Up in my little corner of the world, the winter weather has been damn near relentless since late October. The New Year started with a frozen-solid bang, with temperatures hovering around -2 Fahrenheit. With a few weeks of respite between then and now, I’d say almost everybody here is ready for winter to take its final bow and exit stage left.
As I write this, I’m standing at my kitchen island looking outside at a snowy, wintry “wonderland”. If the extended forecast is at all accurate, we’re looking at one–maybe two–more snowstorms in the next week.
Guys, I want to be OK with this, because there’s literally nothing I can do to change what’s coming. Such is the frustrating (and scary) reality that is weather, and life in general. Sometimes, a season holds on past its due date, and there’s little we can do but bundle up extra tight and brave the cold. We can survive it, sure, though we may not feel like we’re able to thrive in it. We just put one boot in front of the other and hope we don’t slip and fall on our asses on the way.

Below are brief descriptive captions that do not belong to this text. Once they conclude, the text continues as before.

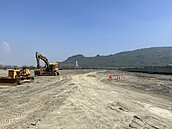 高煉廠土水整治過關　12日闖環評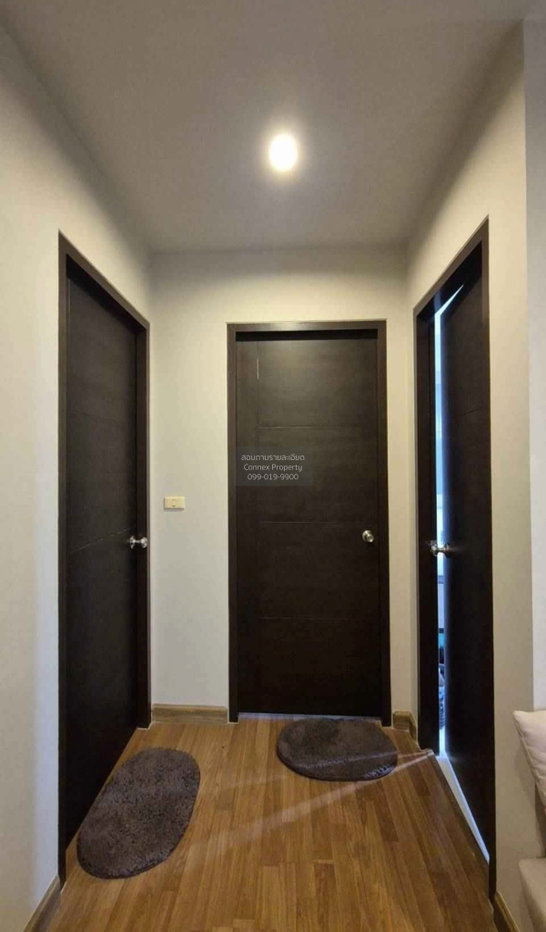 picture FOR SELLCondo Chrisma Ramintra BTS-Phloen Chit CX-152516-1 - 4/9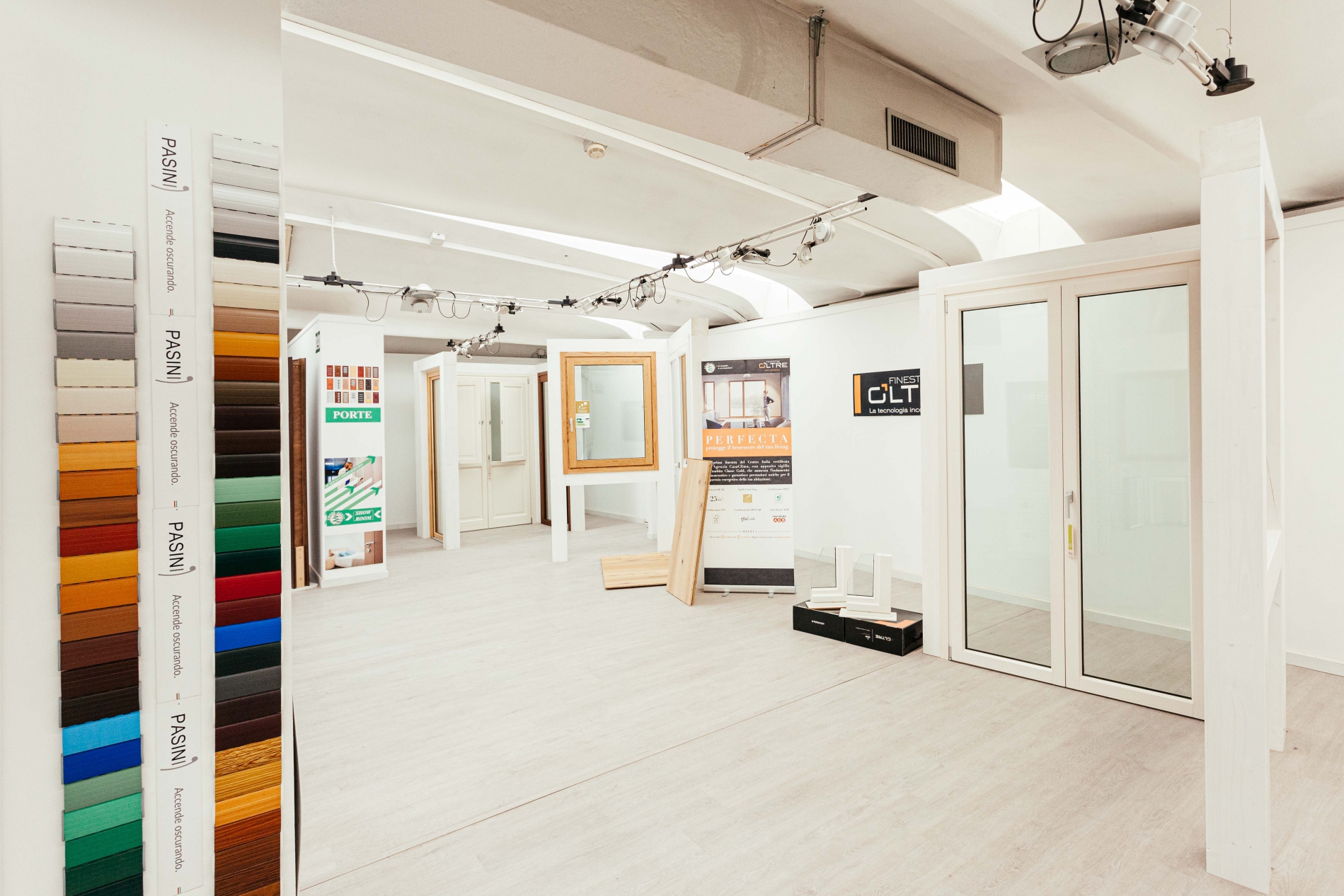 Showroom_Finestre (2)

Is that something we should just get used to? This seemingly endless deluge of gross, cold, wet, sloppy snow? It seems like a lesson for many aspects of life, sobriety included. That’s why we huddle in groups and recite the serenity prayer, tell ourselves that we must live life on life’s terms, and reassure each other that “this too shall pass”. We cope with life’s seasons by admitting we can’t control the vast majority of what happens around us. Sometimes it helps–we keep trudging on and gripe about it in jest with each other, all while putting our faith into the idea that yes, this actually WILL pass. Someday. Somehow.
So what does it say about people like me, who rail against things like the never-ending winter (I know it will end) and who get grumpy, on-edge, tense, or just flat-out depressed about the weather? Even when we know there’s nothing to be done about it but keep going? I’ve endured so many difficult seasons in my life, both of the weathery-type and not, that sometimes I let myself fall into the thought trap that I am “deserving” of something better.
Don’t we deserve spring up here in the Midwest? Don’t we deserve warmth and sunshine and flowers? We’ve been hidden beneath jackets and scarves and hats and mittens and boots for so many months that it’s hard to recall what a lazy day at the beach even looks like anymore.
And the same goes for sobriety. A lot of us have endured so many difficult, trying, heartbreaking situations through our individual journies through sobriety–don’t we deserve a break? Don’t we deserve that relaxing vacation, the perfectly clean house, the schedules filled only with things we want to do, not what we have to do? Don’t we deserve the perfect partner and the perfect children (or pets) and the job of our dreams? Is this not what we have endured the shit-slogging pain of getting and staying sober for?
Ok, maybe I’m being a bit dramatic. This winter will indeed pass, and we will once again know what green grass and unfrozen lakes look like. Similarly, sober life isn’t all trial and tribulation–it would be a horrible disservice to characterize it as such. With every ounce of pain, there’s a whole cup of joy. We endure the extended winters in anticipation of the sweet, humid summers–and when that summer comes, we eat ice cream in the park in our bare feet and shorts, all made sweeter with the knowledge that we survived yet another winter to get here.
Until then, I’ll be huddled under blankets at home or grumbling my way through the icy terrain. I’m trying, okay?